What I learned in this meeting is that as an education major in college, I was “radicalized,” and, as a member of a competing organization, I am purposefully “dumbing down” my students in an effort to promote a Democratic agenda. 

I was extremely offended, and I want to defend myself and hopefully educate others in the process of doing so. I never took any political classes in college as an education major. I was not told when I signed my teaching contract some 13 years ago that I had to vote a certain way or belong to a particular political group. In fact, when I get up and go to work every day, politics are the furthest thing from my mind. My concern is for my students. I want them to be educated enough to make a difference in this world. I don’t care who they or their parents vote for, I just want them to be educated enough to make up their own mind and to respectfully stand up for themselves and for what is right, which is what I was trying to do by attending this meeting.

What I discovered, sadly, is that some people are more concerned with being right than with doing right. When I tried to ask a question of the speaker, Mary Stimek, president of the Republican Women of Wilson County, laughed aloud humiliating me in front of the group. All I wanted was to make sure people understand that this isn’t a simple issue.

There is more to all of this than meets the eye. These issues affect teachers in the classroom who don’t go to school every day trying to promote a political agenda. But no one asked. Not one person asked me how these changes would affect me or my students. They took the word of a hired speaker who used to teach many years ago in a different era and county, which told me that no one cared. That, to me, is disheartening. To think that there are issues out there that will affect teachers, and ultimately students, and instead of asking them, they laugh at and try to humiliate them. 

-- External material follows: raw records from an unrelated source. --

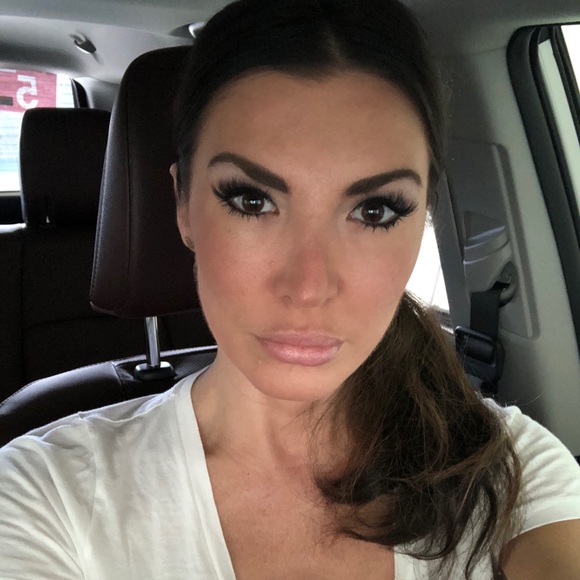 Profile Picture of Melissa Minger (@mingerm) on Poshmark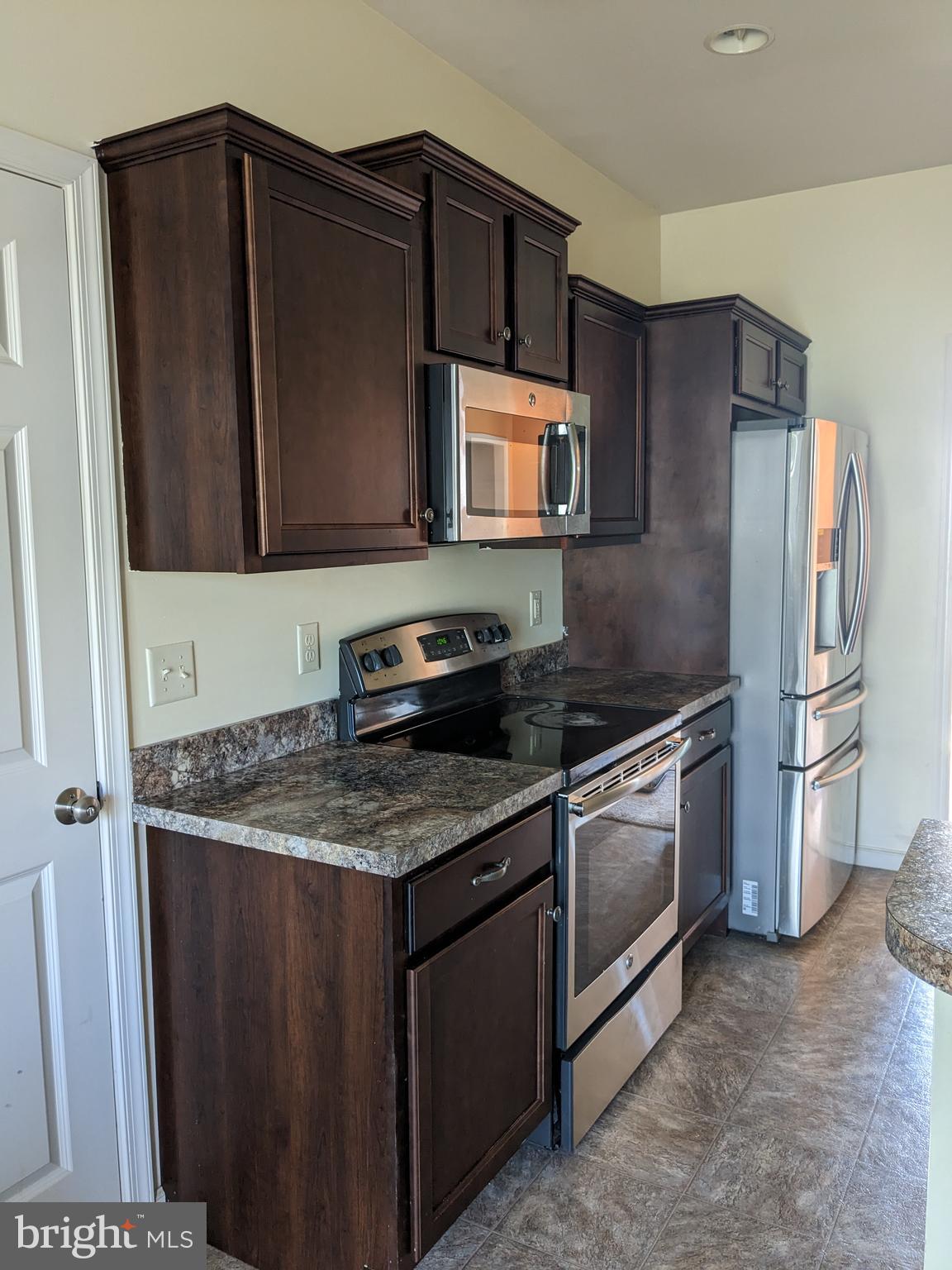 HAMLET SQUARE - Residential Lease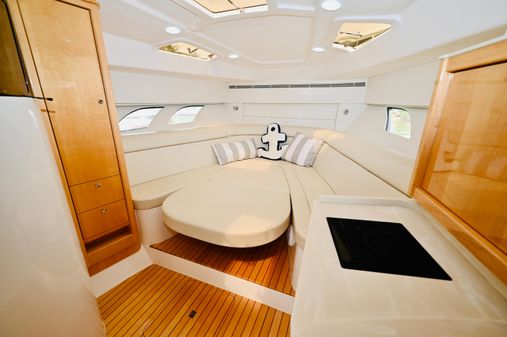 Intrepid 475 Sport Yacht image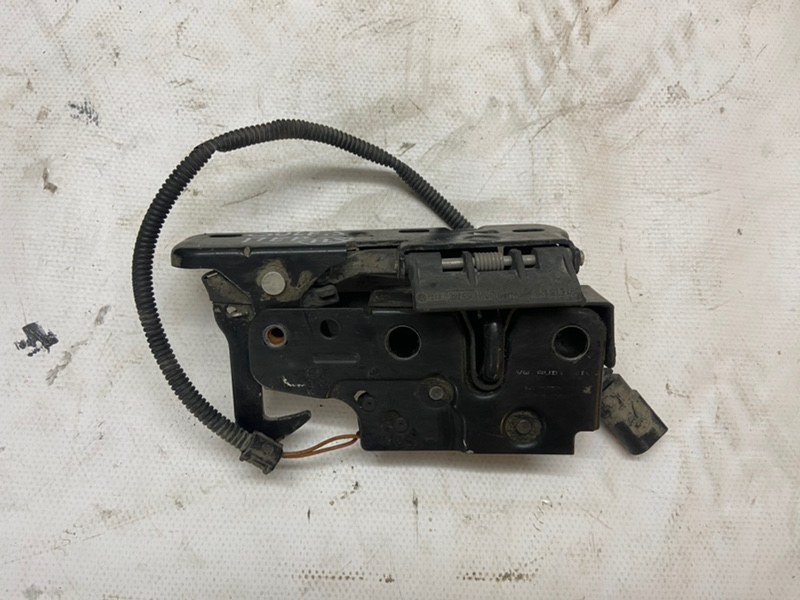 Замок капота Volkswagen Golf 2003-2010 1K1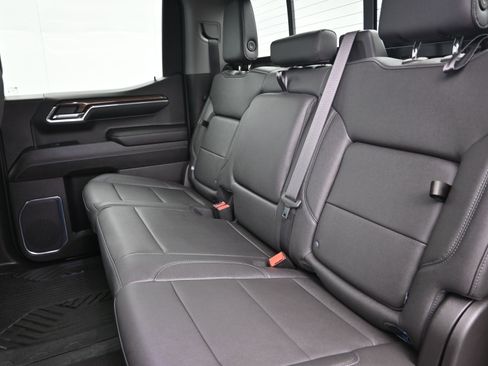 Used 2024 Chevrolet Silverado 1500 LT Trail Boss w/ Convenience Package II image 21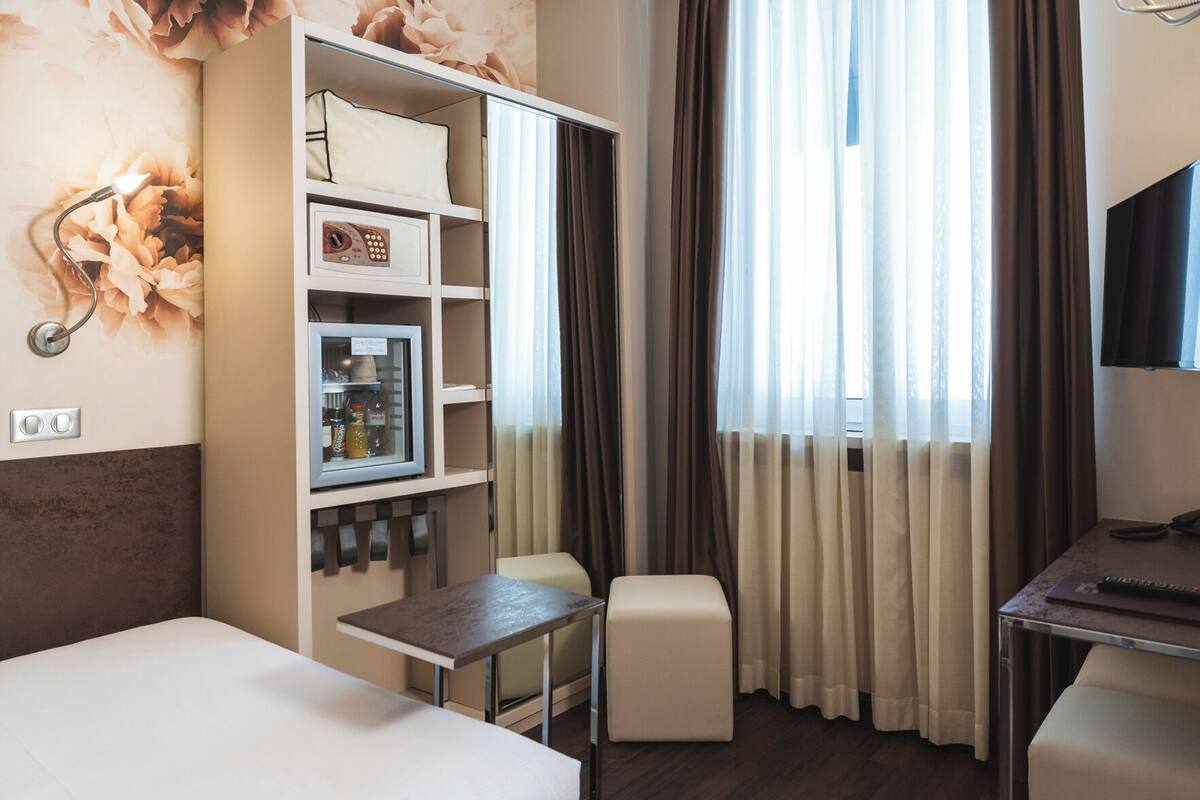 Minibar, in-room safe, desk, blackout drapes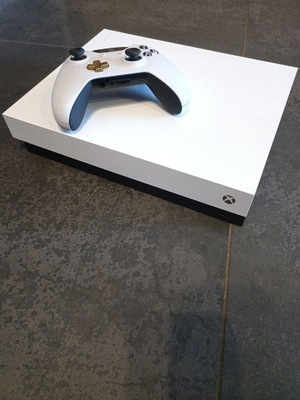 Konsola Xbox One X 1 TB biały - robot white z padem lunar white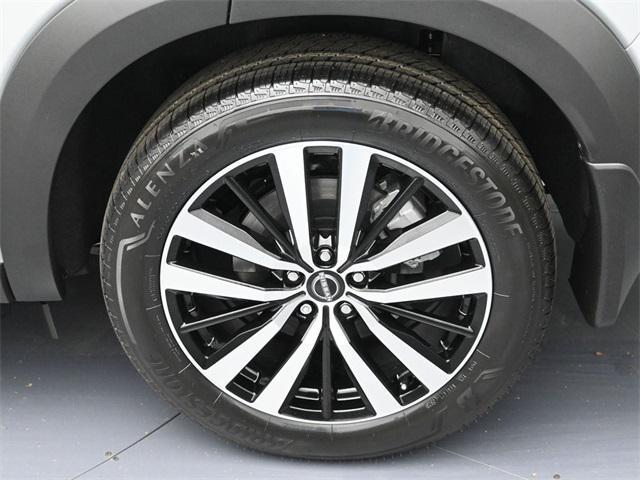 new 2025 Nissan Pathfinder car, priced at $53,175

What I want others to know is that there are teachers out there just like me who pour their heart and soul into their jobs and try to do what is right by our students every day. We love what we do and the students whom we teach. We’re out there and you can ask us. We’ll tell you why we need the ability to collectively bargain. We’ll tell you why certain organizations were formed, and it isn’t for the reasons you may be hearing. We are just as concerned about keeping good teachers in the classrooms as anyone else is. Instead of listening to someone with a political agenda, ask us. We’ll help you understand. It’s what we do.